Doch auch für die Geschäftsflächen in der Neue-Waag-Gasse hat Loers Mieter gefunden. Bereits eröffnet hat die Iris-Galerie. Die Augen der Kunden werden hier mittels hochauflösender Digitalfotografie zum „Rohstoff“ für Gebrauchskunst. In ganz Europa sowie in Kanada gibt es Iris-Galerien bereits in den besten Lagen vieler Städte, die groß, hip, wichtig oder alles zusammen sind – dass nun auch Regensburg zu dieser illustren Reihe gehört, empfindet Loers als Auszeichnung für die Altstadt.

Gleich nebenan zeichnet sich die Eröffnung einer Bäckerei ab. Für den Familienbetrieb Glaab aus Schwandorf, seit 2021 in der Fröhliche-Türken-Straße und seit April in den Arcaden präsent, wäre es die dritte Filiale in Regensburg, die zweite davon in der Altstadt. „Das passt sehr gut für uns“, erklärt Daniela Glaab. Denn obwohl die Altstadt an keinem Backwaren-Mangel leidet, sieht sie hier zusätzliches Potenzial: „Wir produzieren ohne Vor- und Fertigmischungen. Das schätzen die Kunden.“

Auch die Telekom kommt

Derlei Besonderheiten sind für Loers der wichtigste Faktor, um in der Altstadt erfolgreich ein Geschäft betreiben zu können. „Es geht nicht nur um Parkplätze und Verkehr – die Konzepte entscheiden über den Umsatz“, lautet seine Überzeugung. Dabei spiele es auch keine Rolle, ob wie bei Glaab ein regionales, wie beim Hinterland ein bayernweites oder wie bei der Iris-Galerie ein internationales Unternehmen dahintersteht.

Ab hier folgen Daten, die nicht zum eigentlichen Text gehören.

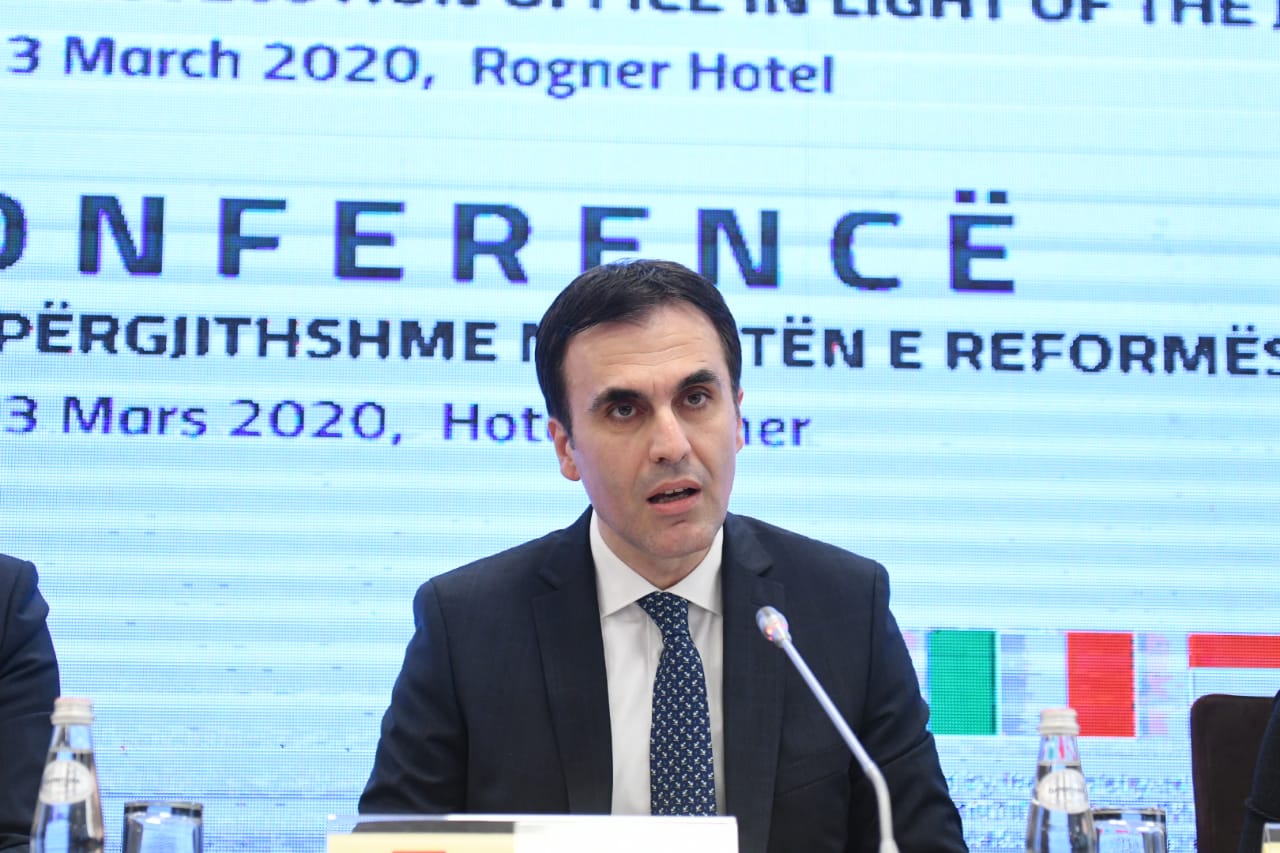 Kryeprokurori Çela: Drejtuesit e prokurorive që mbajnë dosjet në sirtar duhen ndëshkuar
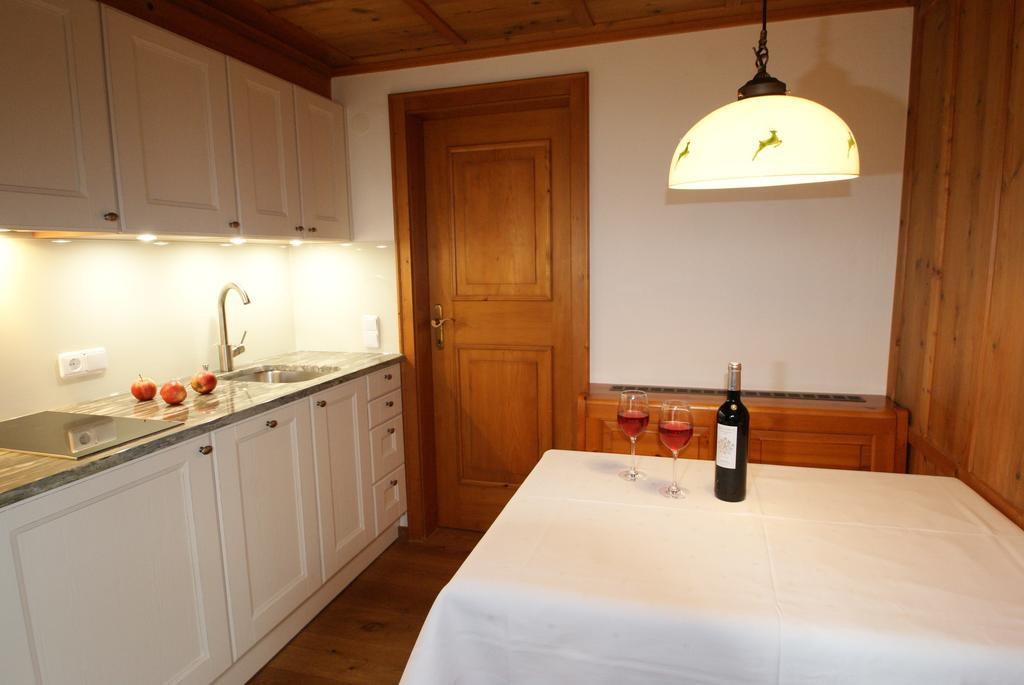 Haus Landbrugg Apartman Lech am Arlberg Szoba fotó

Bei der fünften Neueröffnung im Karree handelt es sich übrigens um einen echten Global Player: Die Deutsche Telekom macht einen Store in der Gesandtenstraße 5 auf. „Seit mehr als zehn Jahren stehe ich mit der Telekom in Kontakt um einen Standort in der Altstadt. Jetzt hat es endlich geklappt“, freut sich der Makler.